SQLite User Forum

Interesting paper from Google on pipe syntax on SQL
Login

Interesting paper from Google on pipe syntax on SQL

(1) By Sebastian LaVine (smlavine) on 2024-08-24 17:24:49 [link] [source]

(2) By Bo Lindbergh (_blgl_) on 2024-08-25 00:20:46 in reply to 1 [link] [source]

Deliberately not improving insert, update, and delete is disappointing.

(3) By Dave Mausner (dmausner) on 2024-08-25 13:55:52 in reply to 1 [link] [source]

It's an interesting paper. Serious academic papers don't describe themselves as "great!", but consider the source.

I observe that programmers have always understood that compilers convert the syntax language into an internal semantic language for execution. This does not invalidate their solution.

The problem of successive table result processing syntax can be reduced by the use of cascading (that is, nested) views which pass all the needed column expressions down the line. This reduces syntax complexity, too, letting sqlite do the ugly work.

That's what computers do. I don't feel sorry for compilers.

(4) By Dave Mausner (dmausner) on 2024-08-25 14:04:43 in reply to 3 [link] [source]

Commenting upon myself, I readily admit that it's kewl to take a table result and pipe it to PIVOT, then down the lane.

(5) By Adrian Ho (lexfiend) on 2024-08-25 16:32:55 in reply to 1 [link] [source]

I think the main selling point of pipe syntax is improved ability to reason about complex queries. Having semantic evaluation order match syntactic order is already a significant improvement, and I imagine the resulting dataflow-like mental paradigm sits better with most folks.

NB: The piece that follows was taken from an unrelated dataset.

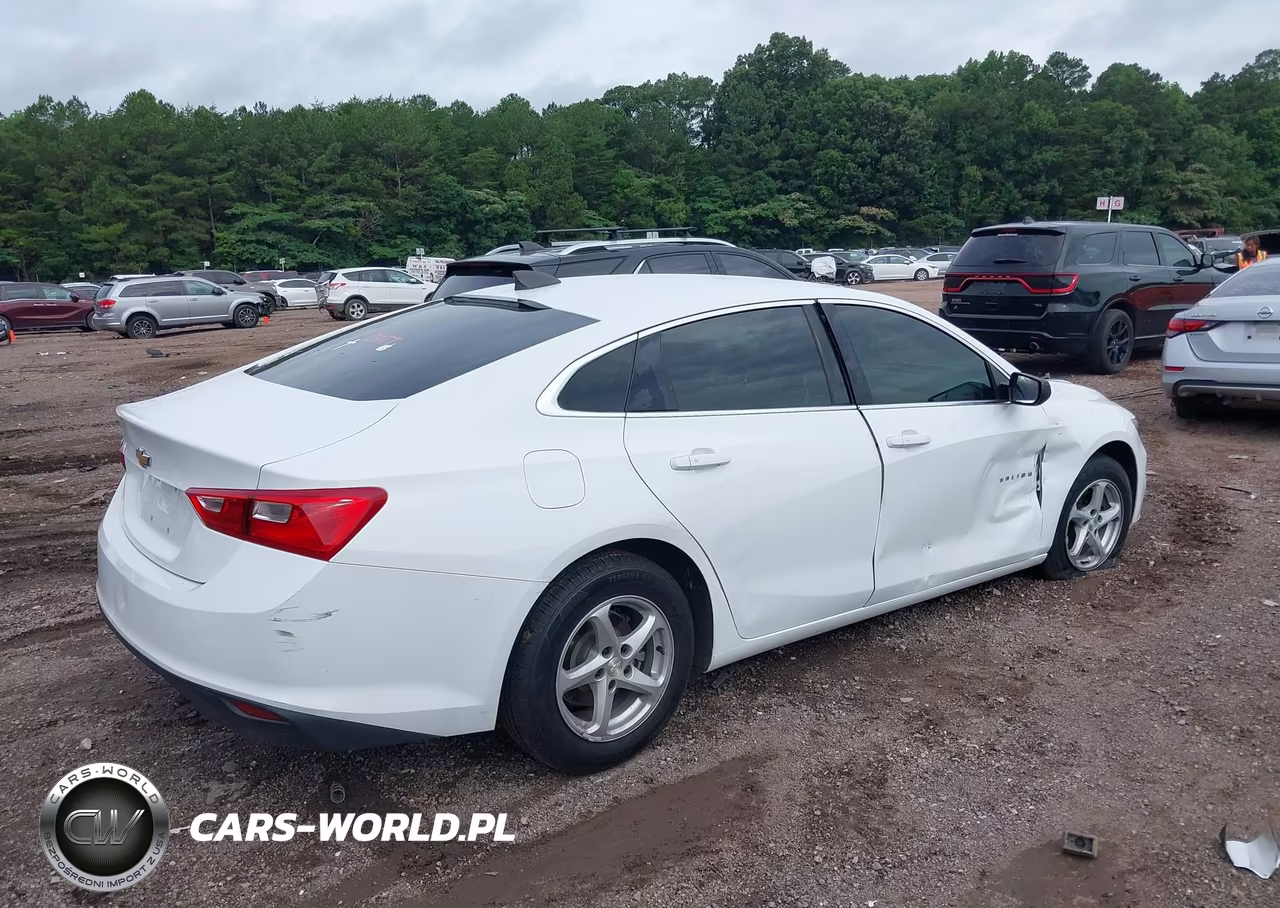 2018 Chevrolet Malibu 1Fl VIN:1G1ZC5ST3JF123463 - 4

(6) By Richard Hipp (drh) on 2024-08-25 20:11:58 in reply to 1 [link] [source]

I do not like the pipe operator (|>). Apparently, I am not the first to offer this criticism. The authors list 11 reasons why they think the pipe operator is useful in section 4.1.4. I remain unconvinced.

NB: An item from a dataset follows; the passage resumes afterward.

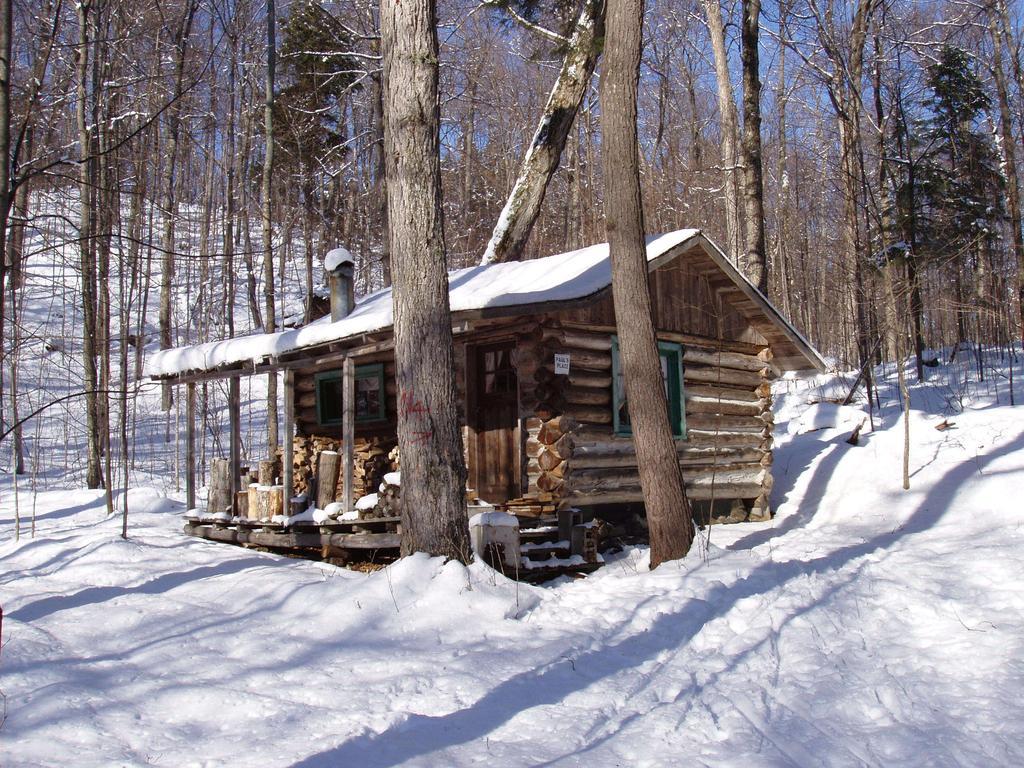 Bondi Village Cottage Resort Lake of Bays Eksteriør bilde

(7) By Alex Garcia (alexgarciaxyz) on 2024-08-26 00:33:35 in reply to 6 [link] [source]

I also don't like the pipe syntax very much, but I think there is some value in an optional re-order of SELECT and FROM clauses. Like having the SELECT clause come after FROM, like:

FROM users
SELECT first_name, last_name
WHERE id = 123;

Or even have the SELECT be entirely optional, like FROM users WHERE id = 123 (where SELECT * becomes the default).

I think this paper and other "compile-to-SQL" languages like PRQL and Logica and Malloy offer some syntax sugar that really don't have sense in pre-existing SQL databases like SQLite. But all of them have a "FROM-first" mentality, which fits a lot of developer's mental models of how SQL queries are ran.

DuckDB offers FROM-first in their SQL, though not sure if other SQL databases also do this.

(8) By Richard Hipp (drh) on 2024-08-26 02:58:33 in reply to 7 [link] [source]

Yes, Figures 1 and 2 on page 2 nicely illustrate how FROM-first better matches the semantics of the statement. It also illustrates how WHERE can serve as a WHERE or a HAVING depending on whether it occurs before or after the AGGREGATE step, respectively, which is nice. Section 5.3 points out that FROM-first queries have the "prefix property" that any prefix of the query is also a valid query. This allows you to test out your query incrementally.

(9) By Richard Hipp (drh) on 2024-08-26 14:26:10 in reply to 1 [source]

For a limited time only, there is a bootleg https://sqlite.org/fiddle on-line that supports some of the proposed "pipe" syntax outlined in the Google paper. This is but a quick prototype. You can expect to find bugs.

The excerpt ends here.